%%

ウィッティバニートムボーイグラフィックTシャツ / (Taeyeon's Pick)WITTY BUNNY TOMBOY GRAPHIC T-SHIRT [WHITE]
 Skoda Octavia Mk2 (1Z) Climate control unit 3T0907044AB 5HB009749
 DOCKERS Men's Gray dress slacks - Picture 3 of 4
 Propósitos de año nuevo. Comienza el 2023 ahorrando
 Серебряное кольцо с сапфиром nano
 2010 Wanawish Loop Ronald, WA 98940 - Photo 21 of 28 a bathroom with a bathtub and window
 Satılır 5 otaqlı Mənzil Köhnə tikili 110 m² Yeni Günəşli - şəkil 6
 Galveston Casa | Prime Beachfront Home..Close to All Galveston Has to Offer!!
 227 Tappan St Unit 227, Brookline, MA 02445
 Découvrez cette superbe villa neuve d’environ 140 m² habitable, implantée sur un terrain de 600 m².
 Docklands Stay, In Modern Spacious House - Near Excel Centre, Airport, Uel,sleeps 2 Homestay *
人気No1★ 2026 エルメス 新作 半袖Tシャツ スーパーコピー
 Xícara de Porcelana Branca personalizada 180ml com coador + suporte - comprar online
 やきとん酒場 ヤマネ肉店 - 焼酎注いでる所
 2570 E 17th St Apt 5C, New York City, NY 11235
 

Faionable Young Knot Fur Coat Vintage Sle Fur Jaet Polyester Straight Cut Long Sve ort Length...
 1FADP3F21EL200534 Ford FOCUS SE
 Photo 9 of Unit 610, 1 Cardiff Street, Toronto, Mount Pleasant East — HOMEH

%%

■ Problem details ■
Retype the material in full, character for character.

■ Task result ■
ウィッティバニートムボーイグラフィックTシャツ / (Taeyeon's Pick)WITTY BUNNY TOMBOY GRAPHIC T-SHIRT [WHITE]
 Skoda Octavia Mk2 (1Z) Climate control unit 3T0907044AB 5HB009749
 DOCKERS Men's Gray dress slacks - Picture 3 of 4
 Propósitos de año nuevo. Comienza el 2023 ahorrando
 Серебряное кольцо с сапфиром nano
 2010 Wanawish Loop Ronald, WA 98940 - Photo 21 of 28 a bathroom with a bathtub and window
 Satılır 5 otaqlı Mənzil Köhnə tikili 110 m² Yeni Günəşli - şəkil 6
 Galveston Casa | Prime Beachfront Home..Close to All Galveston Has to Offer!!
 227 Tappan St Unit 227, Brookline, MA 02445
 Découvrez cette superbe villa neuve d’environ 140 m² habitable, implantée sur un terrain de 600 m².
 Docklands Stay, In Modern Spacious House - Near Excel Centre, Airport, Uel,sleeps 2 Homestay *
人気No1★ 2026 エルメス 新作 半袖Tシャツ スーパーコピー
 Xícara de Porcelana Branca personalizada 180ml com coador + suporte - comprar online
 やきとん酒場 ヤマネ肉店 - 焼酎注いでる所
 2570 E 17th St Apt 5C, New York City, NY 11235
 

Faionable Young Knot Fur Coat Vintage Sle Fur Jaet Polyester Straight Cut Long Sve ort Length...
 1FADP3F21EL200534 Ford FOCUS SE
 Photo 9 of Unit 610, 1 Cardiff Street, Toronto, Mount Pleasant East — HOMEH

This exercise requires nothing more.